From the graph we can tell that our rolling statistics change over time meaning they are not stationary. 
The results from the Dickey-Fuller test confirm our observation. The ADF statistic is way higher than any of our Critical Values here. It's safe to say our series is not stationary and there's some work to do to make it stationary.

In [12]:
df = ohlc_data['GOOG']
timeseries = np.log(df.adj_close)

In [101]:
moving_avg = timeseries.rolling(30).mean()

fig = go.Figure()
fig.add_trace(go.Scatter(x=df.index, y=timeseries,
                    name='Log(adjusted closing price)'))
fig.add_trace(go.Scatter(x=df.index, y=moving_avg,
                    name='Moving Avg'))

ts_log_moving_avg_diff = timeseries - moving_avg
ts_log_moving_avg_diff.dropna(inplace=True)

In [102]:
check_stationarity(ts_log_moving_avg_diff)

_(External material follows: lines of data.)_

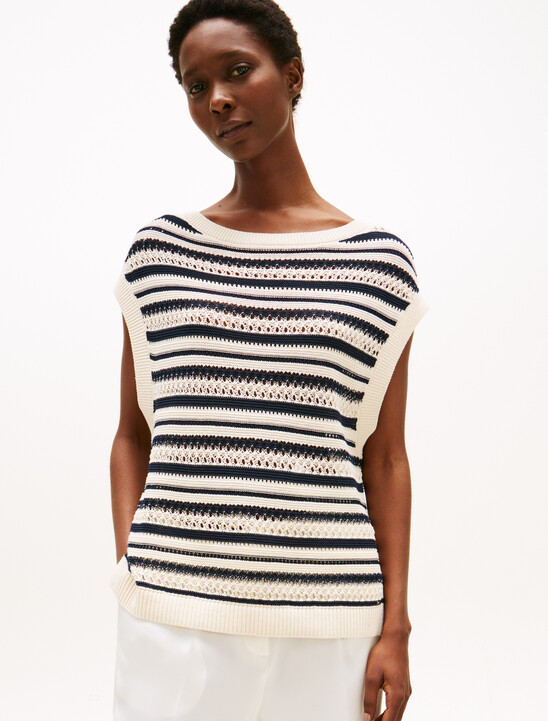 Crochet Sweater Vest
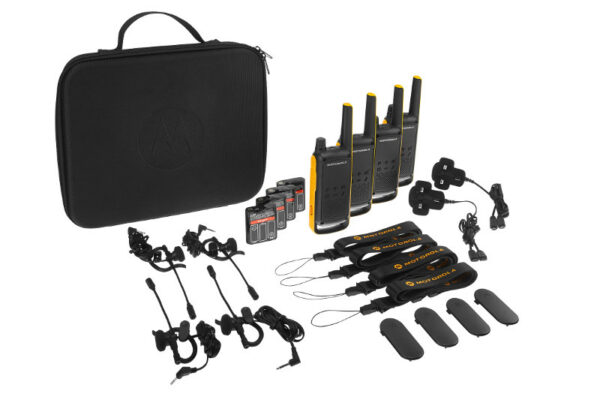 Motorola T82 Extreme Radio Quad Pack - Image 2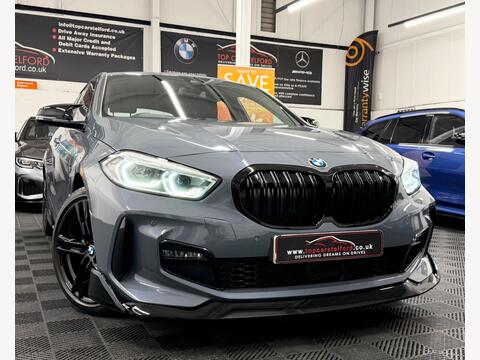 BMW 1 Series 1.5 118i M Sport (LCP) DCT Euro 6 (s/s) 5dr
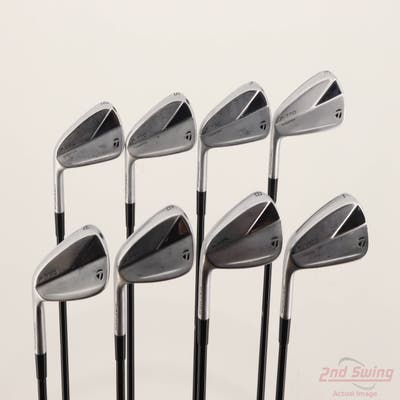 TaylorMade 2023 P770 Iron Set 3-PW Mitsubishi MMT 125 Graphite Tour X-Stiff Left Handed STD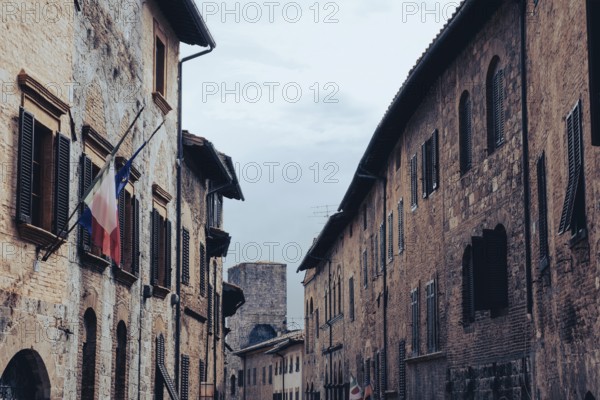 San Gimignano is a small walled medieval hill town in the province of Siena, Tuscany, north-central Italy. Known as the Town of Fine Towers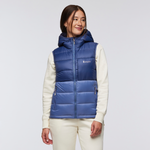 Fuego Max Down Vest - Women's - Dusk/Blue Smoke - US 3954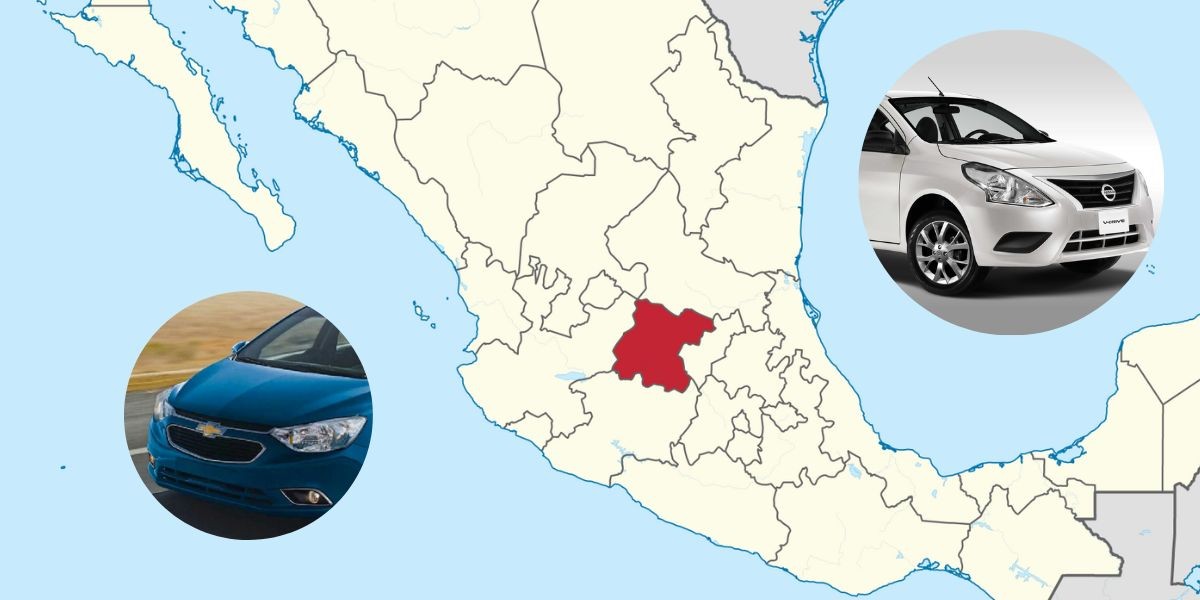 Estas son las marcas y modelos de autos más vendidos en Guanajuato 
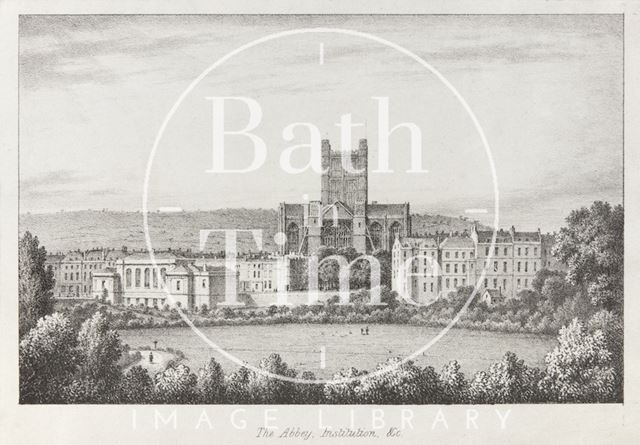 The Abbey, Institution &c., Bath c.1825-1835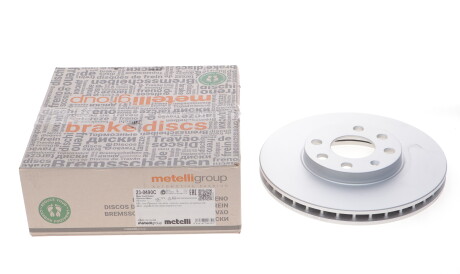 Фото 2 - Гальмівний диск Metelli 23-0490C
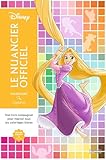 Coloriages mystères - Livre compagnon - Nuancier des personnages Disney...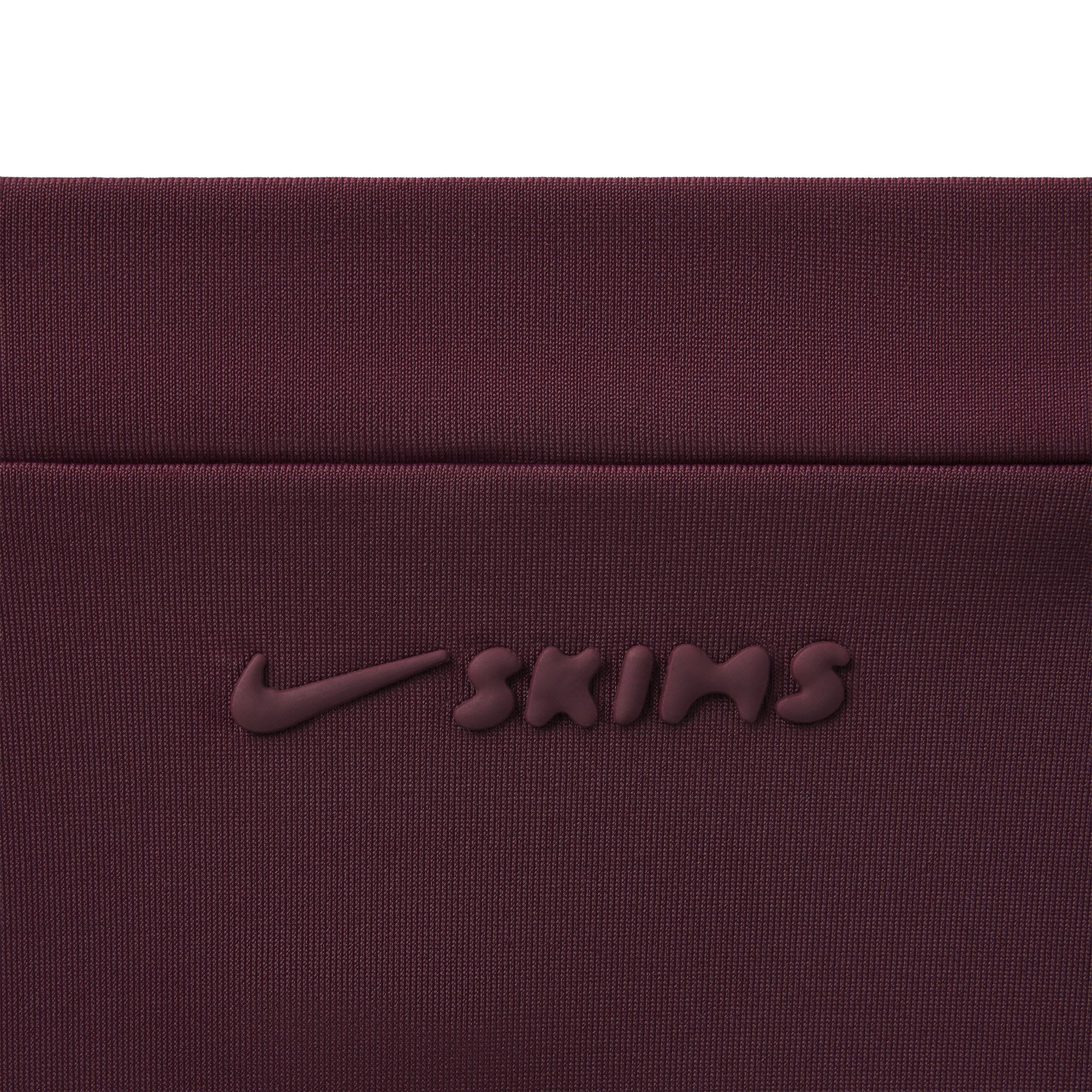 NikeSKIMS SHINE DRAWCORD 26" LEGGING | CURRANT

ADF Statistic: -7.152492933258068
p-value: 3.11495350631529e-10
Critical Values:
	1%: -3.435761408287299
	5%: -2.863929614852828
	10%: -2.568042270495956


In [103]:
exp_weighted_avg = timeseries.ewm(halflife=30).mean()

fig = go.Figure()
fig.add_trace(go.Scatter(x=df.index, y=timeseries,
                    name='Log(adjusted closing price)'))
fig.add_trace(go.Scatter(x=df.index, y=exp_weighted_avg,
                    name='Exp Moving Avg'))

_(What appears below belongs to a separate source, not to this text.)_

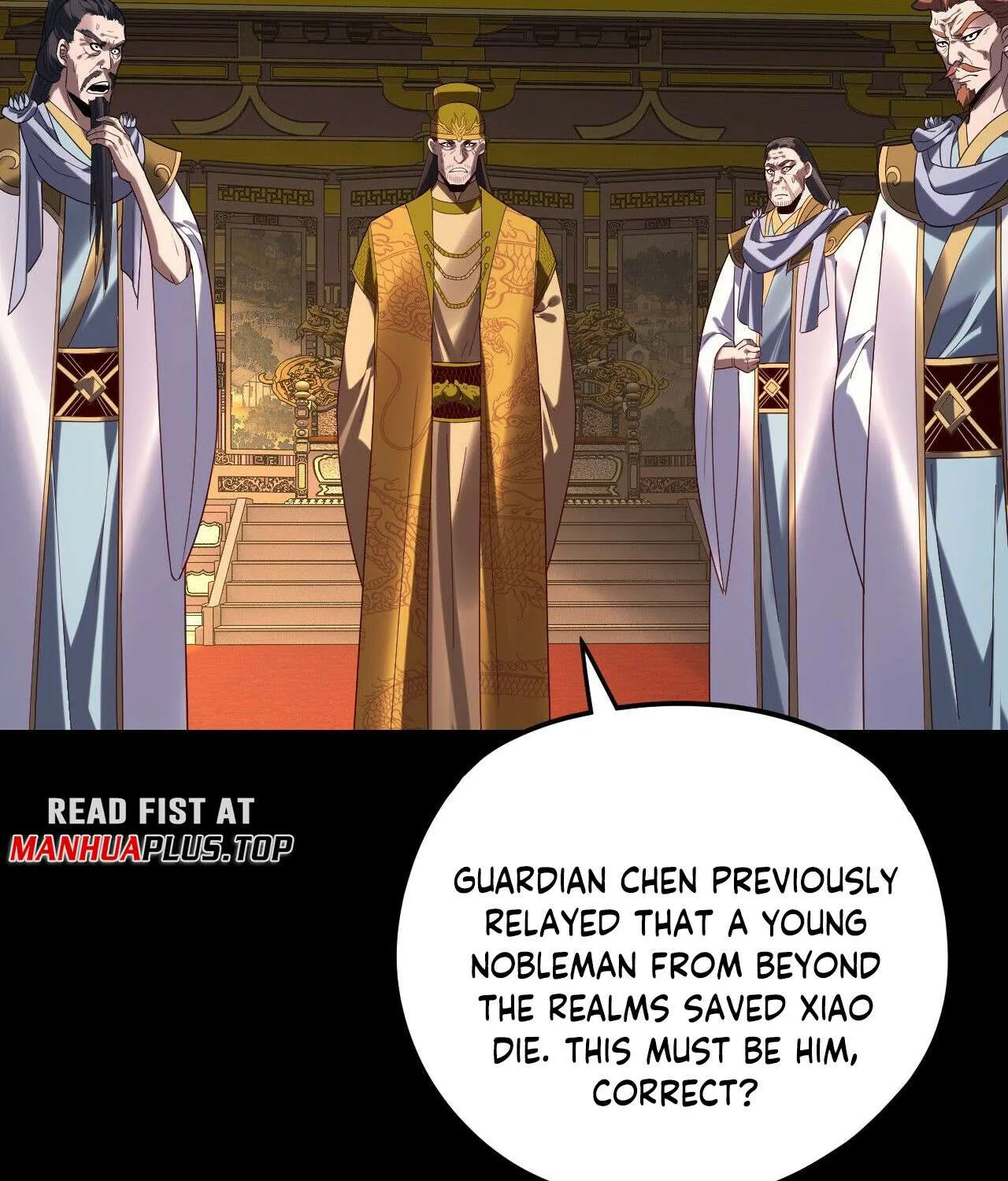 I Am the Fated Villain Chapter 292 page 10 -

ts_log_exp_avg_diff = timeseries - exp_weighted_avg
ts_log_exp_avg_diff.dropna(inplace=True)

In [104]:
check_stationarity(ts_log_exp_avg_diff)

ADF Statistic: -5.433676338300417
p-value: 2.8770605657247273e-06
Critical Values:
	1%: -3.435634587707382
	5%: -2.8638736617392837
	10%: -2.568012472034339


In [91]:
def decompose_timeseries(timeseries, period=10):
    """
    Decompose timeseries in trend, seasonal and residual part.
    Plots graph for each partition of timeseries.
    
    Arguments:
    timeseries - timeseries to decompose
    period - timeframe to consider for decompopsition
    Returns:
    trend - trend timeseries w/o NaN values
    seasonal - seasonal series w/o NaN values
    residual - residual timeseries w/o NaN values
    """

    decomposition = seasonal_decompose(x=timeseries, period=period)

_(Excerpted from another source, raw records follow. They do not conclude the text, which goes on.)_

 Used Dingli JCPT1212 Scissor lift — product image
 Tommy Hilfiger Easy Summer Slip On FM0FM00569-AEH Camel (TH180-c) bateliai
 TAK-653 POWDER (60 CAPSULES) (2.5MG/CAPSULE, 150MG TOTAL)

    trend = decomposition.trend.dropna()
#     trend.index = pd.DatetimeIndex(trend.index).to_period('D')
    seasonal = decomposition.seasonal.dropna()
#     seasonal.index = pd.DatetimeIndex(seasonal.index).to_period('D')
    residual = decomposition.resid.dropna()
#     residual.index = pd.DatetimeIndex(residual.index).to_period('D')

    fig = go.Figure()
    fig.add_trace(go.Scatter(x=df.index, y=timeseries, name='Original'))
    fig.add_trace(go.Scatter(x=df.index, y=trend, name='Trend'))
    fig.add_trace(go.Scatter(x=df.index, y=seasonal, name='Seasonality'))
    fig.add_trace(go.Scatter(x=df.index, y=residual, name='Residuals'))
    fig.show()
    
    return trend, seasonal, residual

In [105]:
trend, seasonal, residual = decompose_timeseries(timeseries, 30)

In [19]:
check_stationarity(residual)

ADF Statistic: -11.890671150006984
p-value: 5.878990847246854e-22
Critical Values:
	1%: -3.435690695421723
	5%: -2.863898416697677
	10%: -2.5680256555204184


### ARIMA model

#### Auto correlation function (ACF):
This metric expresses the correlation between the observations at the current point in time and the observations at all previous points in time. We use ACF to determine the **number of optimal Moving Average (MA) terms**. 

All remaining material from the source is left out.